*** Block opens ***
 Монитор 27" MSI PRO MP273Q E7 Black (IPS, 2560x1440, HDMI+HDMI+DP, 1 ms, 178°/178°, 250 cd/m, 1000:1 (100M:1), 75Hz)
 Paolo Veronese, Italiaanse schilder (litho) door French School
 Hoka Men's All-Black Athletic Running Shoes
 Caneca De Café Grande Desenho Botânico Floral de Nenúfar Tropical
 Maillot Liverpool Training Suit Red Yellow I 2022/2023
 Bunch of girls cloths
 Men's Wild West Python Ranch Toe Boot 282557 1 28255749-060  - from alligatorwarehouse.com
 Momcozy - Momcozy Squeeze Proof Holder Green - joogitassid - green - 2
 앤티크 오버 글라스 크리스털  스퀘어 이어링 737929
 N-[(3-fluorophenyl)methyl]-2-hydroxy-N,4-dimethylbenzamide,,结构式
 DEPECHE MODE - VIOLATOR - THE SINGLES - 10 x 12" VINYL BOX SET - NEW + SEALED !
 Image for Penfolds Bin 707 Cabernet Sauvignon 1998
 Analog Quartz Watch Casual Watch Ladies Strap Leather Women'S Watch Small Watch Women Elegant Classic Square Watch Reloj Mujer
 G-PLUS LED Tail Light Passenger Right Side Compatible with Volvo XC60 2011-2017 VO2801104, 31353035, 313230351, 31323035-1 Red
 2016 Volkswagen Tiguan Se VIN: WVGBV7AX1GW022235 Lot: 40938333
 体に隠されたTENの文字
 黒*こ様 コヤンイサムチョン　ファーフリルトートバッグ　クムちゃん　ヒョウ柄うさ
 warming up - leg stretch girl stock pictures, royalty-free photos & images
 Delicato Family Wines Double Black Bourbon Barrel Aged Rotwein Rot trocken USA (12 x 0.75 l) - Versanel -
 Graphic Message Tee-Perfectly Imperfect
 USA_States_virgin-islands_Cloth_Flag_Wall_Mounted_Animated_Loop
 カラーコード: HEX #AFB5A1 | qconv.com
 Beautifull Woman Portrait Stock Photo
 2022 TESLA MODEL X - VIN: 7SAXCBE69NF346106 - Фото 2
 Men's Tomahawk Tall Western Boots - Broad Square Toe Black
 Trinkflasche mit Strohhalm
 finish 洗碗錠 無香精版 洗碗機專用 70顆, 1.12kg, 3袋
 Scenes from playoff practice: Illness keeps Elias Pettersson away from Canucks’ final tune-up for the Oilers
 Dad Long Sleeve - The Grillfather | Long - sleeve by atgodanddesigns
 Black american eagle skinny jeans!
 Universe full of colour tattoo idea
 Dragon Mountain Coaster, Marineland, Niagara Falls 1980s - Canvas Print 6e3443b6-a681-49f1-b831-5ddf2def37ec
*** Block closes ***
Your objective :: Reproduce exactly the lines from the one containing "Delicato Family Wines" through the last line of the records, both included, and nothing else.

Result of the exercise ::
 Delicato Family Wines Double Black Bourbon Barrel Aged Rotwein Rot trocken USA (12 x 0.75 l) - Versanel -
 Graphic Message Tee-Perfectly Imperfect
 USA_States_virgin-islands_Cloth_Flag_Wall_Mounted_Animated_Loop
 カラーコード: HEX #AFB5A1 | qconv.com
 Beautifull Woman Portrait Stock Photo
 2022 TESLA MODEL X - VIN: 7SAXCBE69NF346106 - Фото 2
 Men's Tomahawk Tall Western Boots - Broad Square Toe Black
 Trinkflasche mit Strohhalm
 finish 洗碗錠 無香精版 洗碗機專用 70顆, 1.12kg, 3袋
 Scenes from playoff practice: Illness keeps Elias Pettersson away from Canucks’ final tune-up for the Oilers
 Dad Long Sleeve - The Grillfather | Long - sleeve by atgodanddesigns
 Black american eagle skinny jeans!
 Universe full of colour tattoo idea
 Dragon Mountain Coaster, Marineland, Niagara Falls 1980s - Canvas Print 6e3443b6-a681-49f1-b831-5ddf2def37ec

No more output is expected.